Título: Assessor da Casa Civil diz que operação de retirada é irreversível
Autor: Taves, Rodrigo
Fonte: O Globo, 30/09/2007, O País, p. 4

Estratégia do governo é apreender as máquinas e os tratores de fazendeiro.

BOA VISTA. Chefe do comitê gestor montado pelo governo federal para a desocupação de Raposa Serra do Sol, José Nagib Lima, assessor especial da Casa Civil, diz que a operação de retirada dos não-índios é irreversível e que, antes do Natal, o arrozeiro Paulo César Quartiero e seus aliados não estarão mais na reserva.

A estratégia do governo é apreender as máquinas e os tratores de Quartiero, pois o fazendeiro não pagou multas aplicadas pelo Ibama por crime ambiental. Além de ter tomado posse de terras da União, Quartiero bombeia irregularmente a água do Rio Surumu para irrigar as plantações de arroz, e é ainda acusado de derrubar vegetação nativa.

- A operação vai sair, não há mais o que esperar.
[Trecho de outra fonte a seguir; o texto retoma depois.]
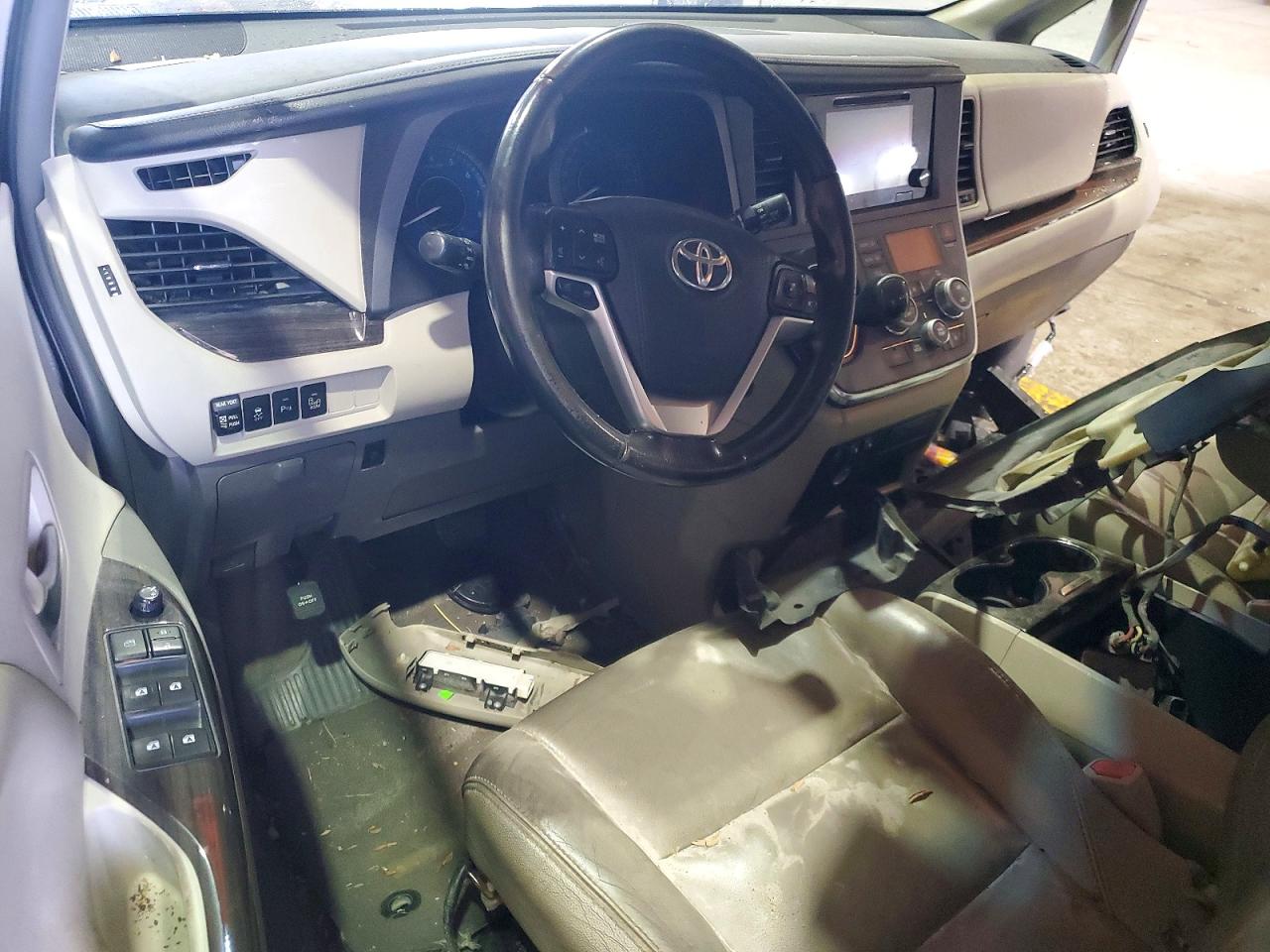 Toyota Sienna Xle 8-passenger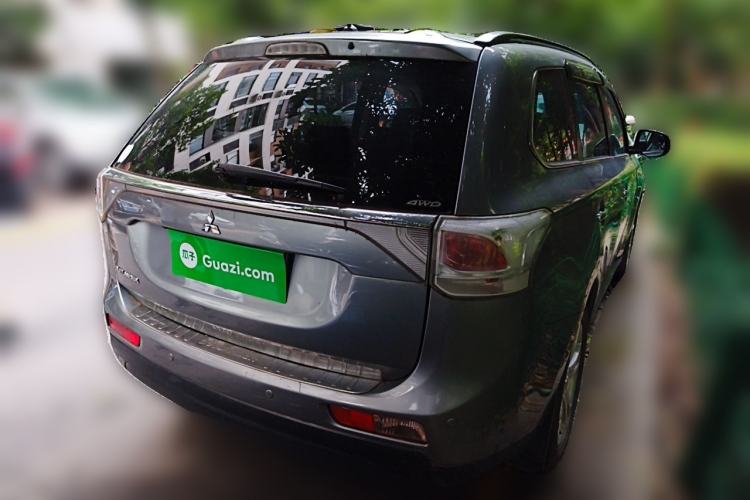 Used Mitsubishi Outlander 2013 2.4L 4x4 Luxury Navigation Edition 5 Seats Rear Right 45 Deg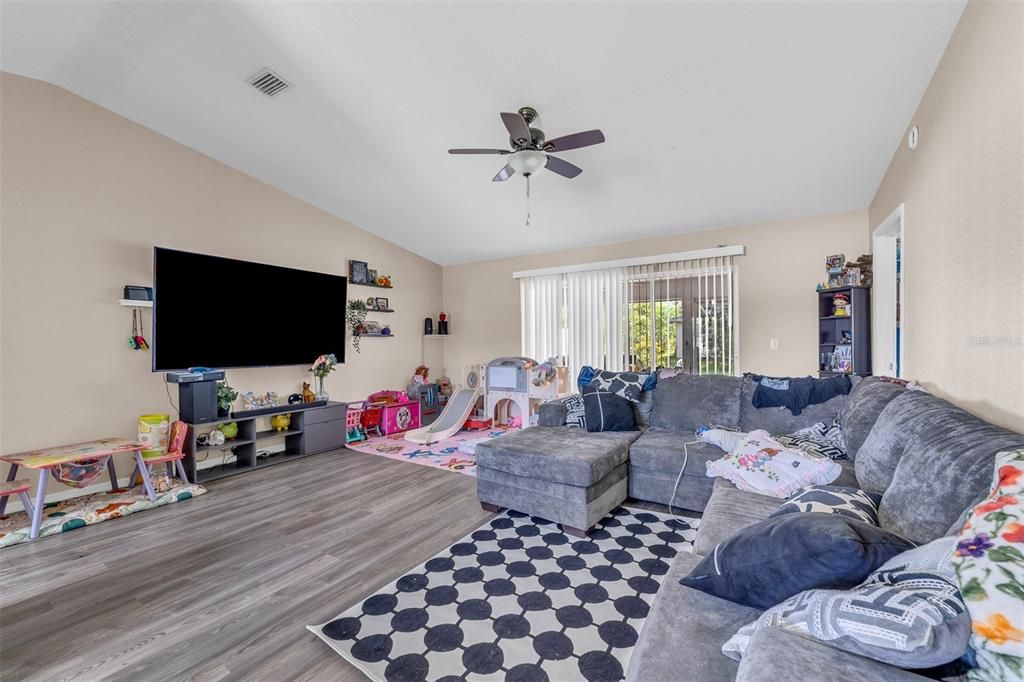 For Sale: $420,000 (4 beds, 0 baths, 2086 Square Feet)
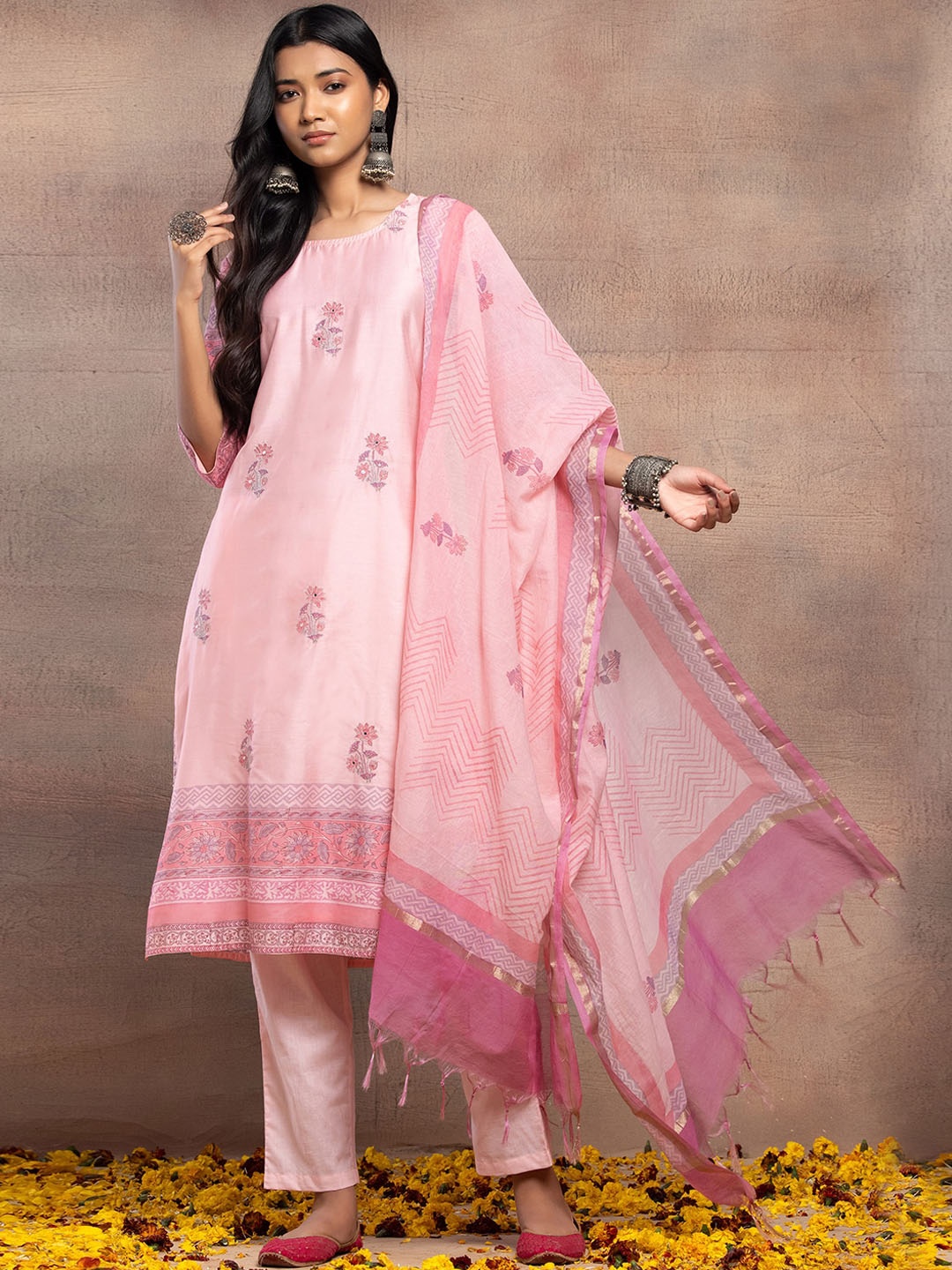 INDYA Printed Round Neck Three-Quarter Sleeves Pure Cotton Kurta & Trousers With Dupatta, Pink
INDYA Printed Round Neck Three-Quarter Sleeves Pure Cotton Kurta & Trousers With Dupatta, Pink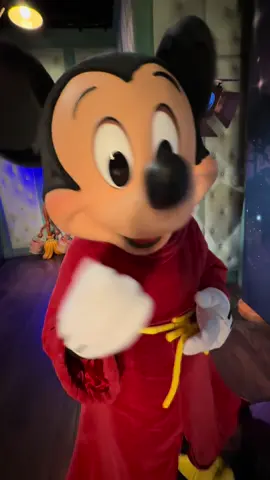 Disney ears are the cutest #disneyland #funny #prank #meme #disneyadult Disneyland  vlog 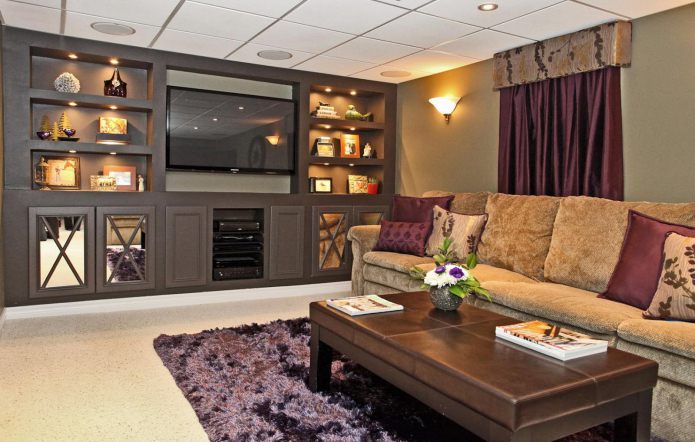 Brown and purple in the living room interior
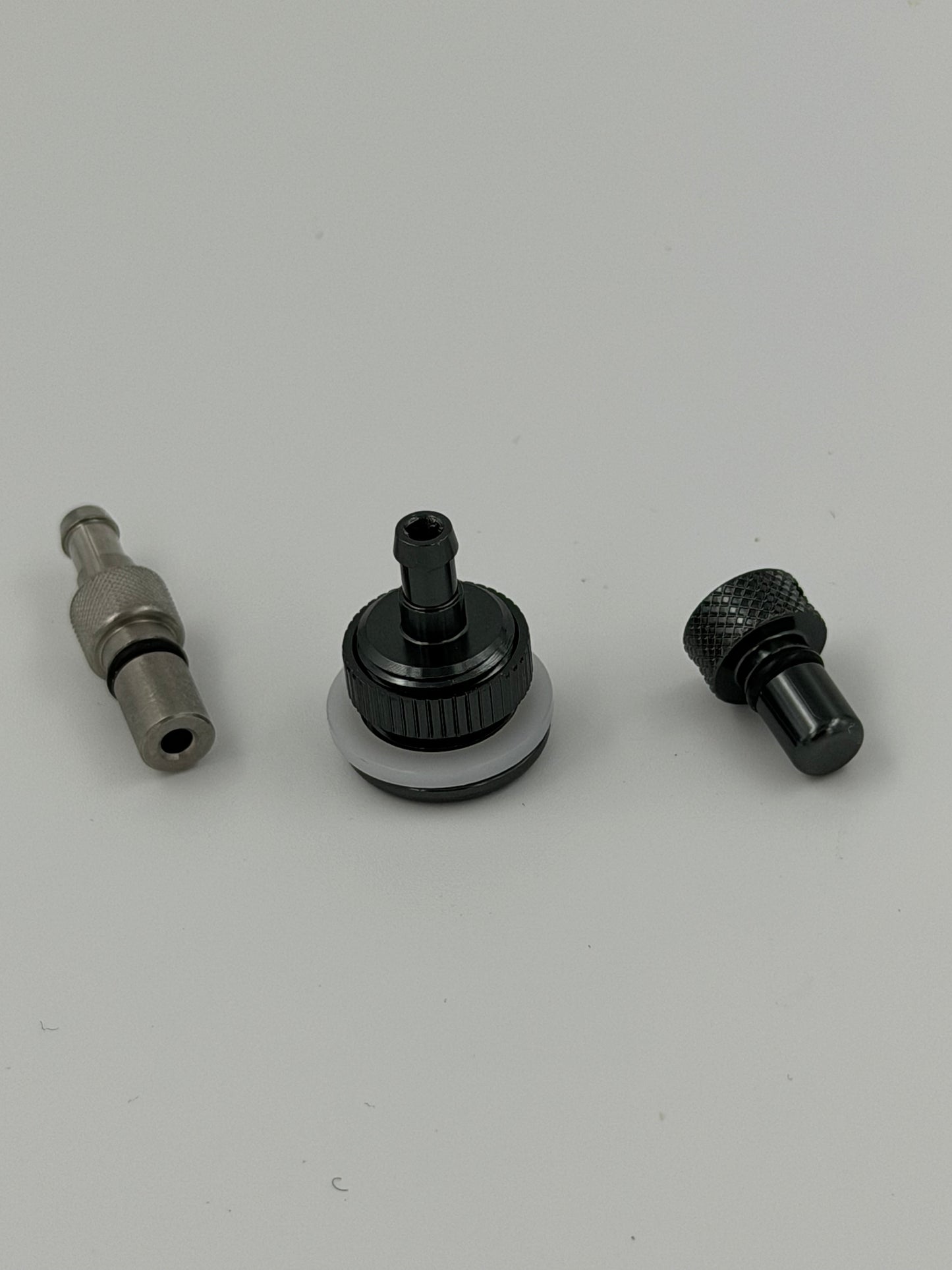 Fuselage vent kit assembly - including bung and taxi tank male fitting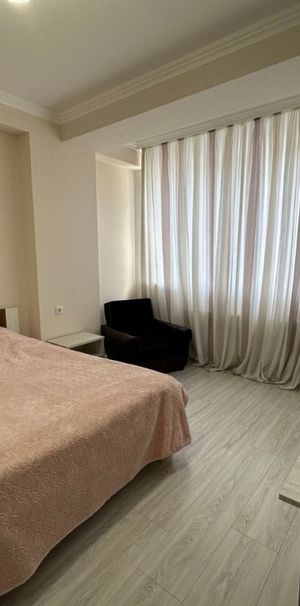Apartament o camera zona Intre Lacuri - Photo 1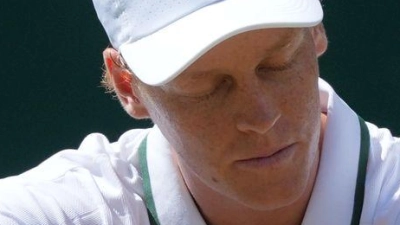 Jannik Sinner kam in der ersten Runde ins Wanken. (Foto: Kin Cheung/AP/dpa)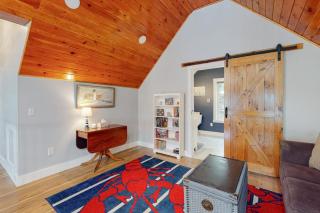 Luxurious waterfront home with deck, firepit, hot tub, fireplace, & pool table - Boothbay - 3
A personalidade de Quartiero é de conflito, é sanguinária. Ele apostava na divisão dos índios, mas hoje é pouco provável que as entidades indígenas estejam na linha de frente da resistência à operação. É claro que vai ter índio reagindo, mas não como movimento organizado - diz Nagib.

A situação está cada vez mais tensa. Nagib conseguiu que, no dia 12 de setembro, as oito comunidades indígenas de Raposa Serra do Sol assinassem, no Palácio do Planalto, uma carta-compromisso em que afirmam que não haverá confronto entre índios durante a operação da Polícia Federal. Logo em seguida, porém, o índio Lauro Barbosa, líder da Sodiur, usou o incêndio das malocas como pretexto para dizer que a Sodiur não se sente mais obrigada a manter o compromisso assinado.

De nada adiantou o coordenador do CIR, Dionito José de Souza, dizer a Lauro que os índios sob seu comando não são responsáveis pelo crime. Para o CIR, Quartiero e o deputado Junqueira, que teriam sido vistos na reserva no dia do incêndio, são os mandantes do crime. Mas não há provas do envolvimento dos produtores de arroz, nem no caso das malocas queimadas nem no incêndio que destruiu, há dois anos, o Centro de Formação Indígena construído pela Igreja Católica na aldeia Surumu.

Na ocasião, três grupos de homens encapuzados invadiram o prédio de madrugada e, enquanto estudantes e professores fugiam, atearam fogo em salas de aula, dormitórios, dispensas e escritórios. Um professor foi espancado e teve o carro queimado. Os padres tinham deixado a reserva um ano antes, após passarem alguns dias seqüestrados por índios ligados a Quartiero.

- Os homens gritavam muitos palavrões, xingavam os padres, e disparavam tiros para o alto - diz um aluno que estava na escola na noite do atentado.

Quartiero nega culpa nos incêndios e sustenta que seus seguranças não andam armados, mas não esconde a raiva pelos padres que ergueram o prédio:

- Quem manipula os índios é o Cimi (Conselho Indigenista Missionário, ligado à CNBB), a Igreja Católica e as ONGs. O que está havendo em Roraima é uma conspiração, que envolve interesses internacionais.

Outros 20 brancos continuam na reserva. A comerciante Maria Luiza Pereira, que não aceitou o valor da indenização estipulado pelo governo, é acusada de vender cachaça aos índios, inclusive aos adolescentes, apesar de ter recebido uma comissão de mães, que apelaram por seu bom senso. A embriaguez é um dos principais problemas sociais na reserva. Ela diz:

- Índio é uma peste que parece gente, mas não é.